Oh, no, nothing like hallucinations. Just inability to see physical reality that gives rise to numbers. I’d mark it to poor training and lacking the habit to think on the job. Give you a simpler example – a person is going to spec the protein prep using specific extinction coefficient. Having plugged it into Nanodrop, the person is calmly writing down the number 3.56 mg/ml – despite the fact that from the spectrum clearly visible on the screen is it bloody obvious that the prep is heavily contaminated by nucleic acids, and protein-specific extinction calculations thus rendered meaningless.
That’s a simpler example?…a protein preparation contaminated with nucleic acids and your “simple laboratory instrument” still gives you a number you can write down. You’re overworked and underpaid.
I was thinking more of the type of misperception that occurs when the evidence is vague, for example when Mars was observed through the telescope and thought to have “canali” (channels)–the eye translating a tiny, blurred image into a series of defined structures.
That’s what the protein tomogram looked like. I think. I’m going to look into this.
Actually, this is a major problem. Back in 2005, Sidec came out with Protein Tomography(TM) (basically a computer program which takes raw scanning electron microscopy data and turns it into a 3-D image of the structure of a protein) and they appear to have done well in speculative circles, associating with another mysterious company, FEI.
However, i can’t find references to very much research done with it. One paper is about the structure of the receptor for levetiracetam(an anti-epileptic drug), a synaptic vesicle membrane protein. Likely it was used in the drug industry and the results never saw the light of day.

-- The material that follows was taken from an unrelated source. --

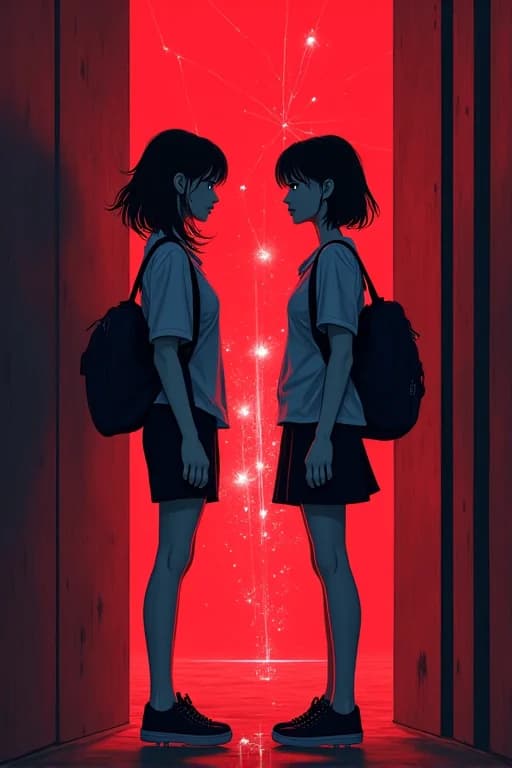 Lạc Nhóm Chat, Hốt Trọn Drama - Cover image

I did find indications that if you want to do research with it, you can pay a nice fee to use their technique(If you fill out a form giving your institutional affiliation, they’ll send you a “White Paper” about it.) And they offered a “prize” of up to 500K Euros to researchers offering an experimental design, to “get acquainted with the technique.”

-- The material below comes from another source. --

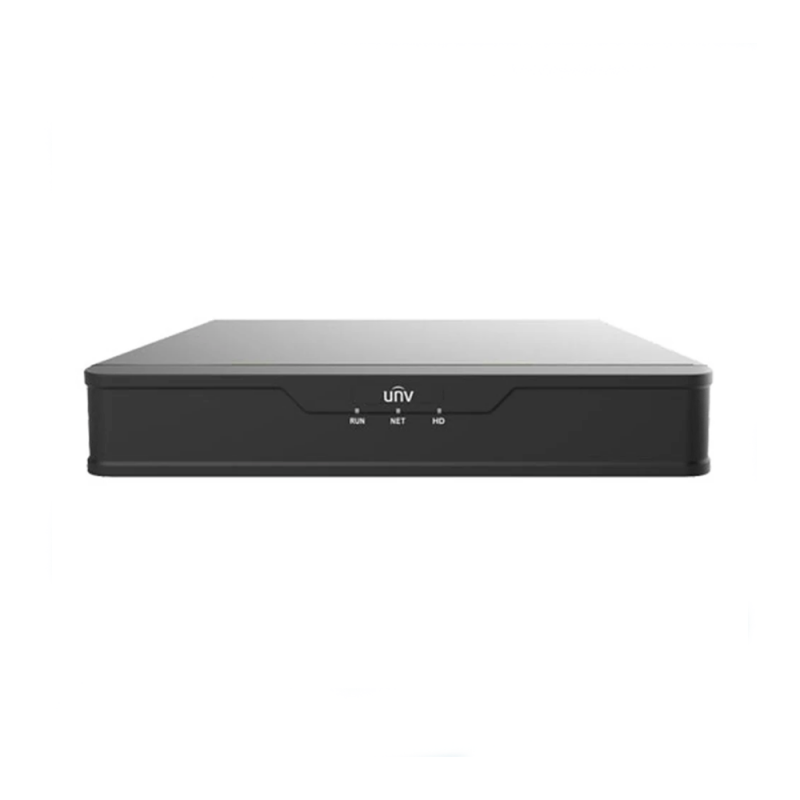 16-канальный сетевой видеорегистратор UNV NVR301-16X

This explains why the one author didn’t sign the retraction–she worked for Sidec (but no longer? Did she quit?)
If I’m reading this paper right, the technique is no good, meaning Sidec is going to vanish. I can’t read it any other way. Amazing that it took seven years and significant expenditure of grant money by clients of Sidec to “validate” their proprietary technique. Weren’t they supposed to validate it themselves before marketing it as the greatest thing since sliced bread?
This makes the monkey very puzzled indeed.

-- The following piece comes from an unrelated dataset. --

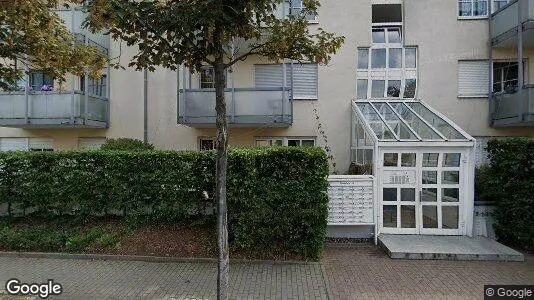 Apartments for rent in Dresden - Photo from Google Street View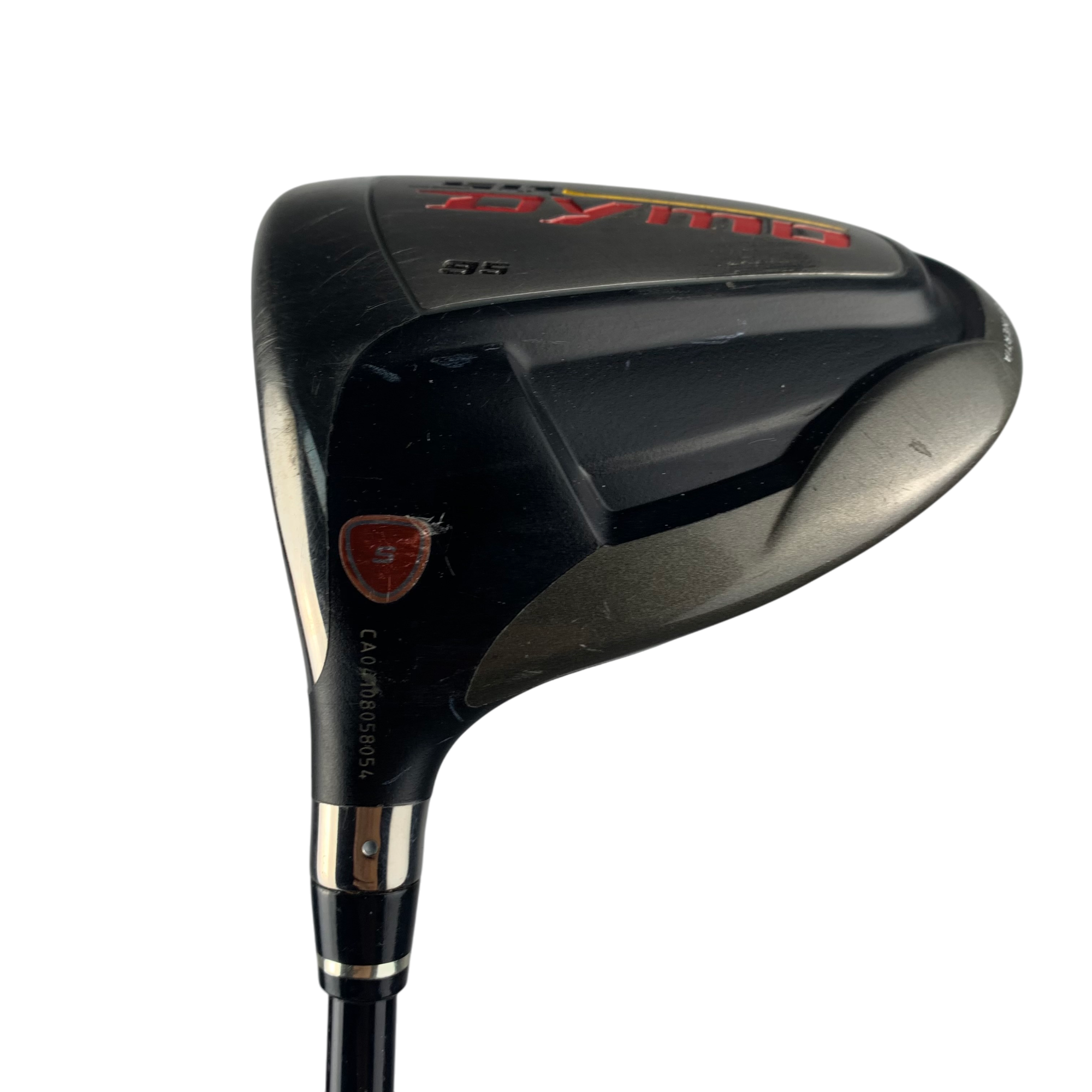 Nike SQ Dymo Driver / Flex Stiff / Loft 9.5 Venstre galleri billede 2 - brugt golf udstyr i god stand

Sidec AB is gone, and there is quite a few papers done using their technology – as I said about a dozen after they went under in 2010. Overall number of citations of just one of their method papers (cited in retraction note) is in the 60s.
So all the papers that referenced their method papers will be retracted? (laughs out loud.)
Monkey is, as usual, late. “I am Ozymandias, king of kings. Look upon my works, ye mighty, and despair.” Monkey puzzles over ruins. The method papers read like advertisements, not objective descriptions of methods. Someone has thrown away a lot of grant money to the benefit of these scientific confusion enhancers; “nothing nefarious about it”… but a lot of money changed hands over this “Nth derivative of a signal nobody can see.”
More retractions to come, or monkey won’t be happy.